How do you initiate conversations that make you uncomfortable and vulnerable?


When you’re hesitant to talk about conflict, it can be tempting to avoid the issue altogether, but that can have disastrous results. 


As I leave my gym there’s a sign that catches my eye: ‘It Never Gets Easier, You Just get Better’. The same could be said of leading difficult conflict conversations, such as giving sensitive feedback to an employee, raising a performance concern, or even a sensitive personal matter between friends. Here’s a case study about the value of learning Conflict Confidence.

Audrey was the owner of a small legal practice with 3 lawyers and 4 administrative staff. For some time, she had been concerned about Eleni’s poor attitudes to her work and her relationships with the team. Eleni appeared to assume privileges and administrative staff were constantly complaining and overtly gossiping.

Audrey knew she should have spoken both with Eleni and the admin team directly, but she felt overwhelmed and upset, so she avoided these difficult conversations. She felt confused about what was the root of these problems and therefore hesitant to act. She wished ‘everyone could just get on together’, so she also got caught up in the gossip and blame-game. 
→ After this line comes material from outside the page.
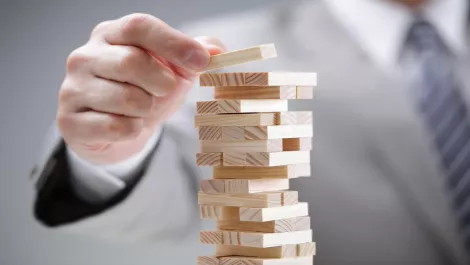 Vendors reaping the rewards from restructures, experts say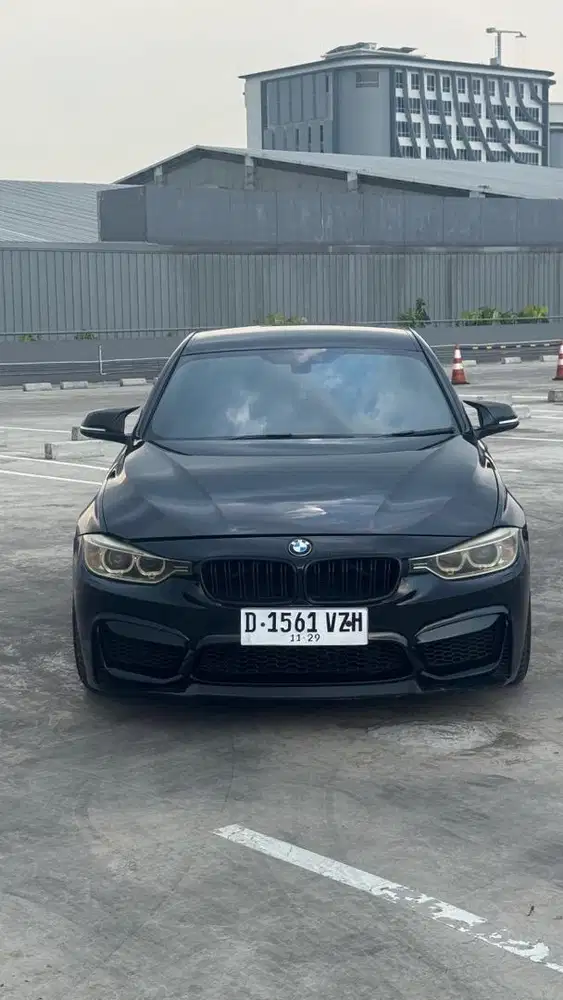BMW 320i (2013)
The business impacts were mounting – filing going astray, court deadlines not met; in the waiting room, possibly even the clients could feel tension. Audrey felt guilty, Eleni was angry, and the admin team were resentful.  Everyone felt they had been put in an awkward position by someone else. It was only a matter of time before some valued staff would resign.  


Conflict Distress


In my work I have helped numerous businesses where a manager or leader repeatedly acts in ways that predictably will not work to resolve matters in a conflict situation. They recognise that their approach is not working, however their overpowering discomfort with conflict leads to avoidance.  It feels easier to compromise, or perhaps try to get around the problem tangentially, than ask for professional advice and assistance.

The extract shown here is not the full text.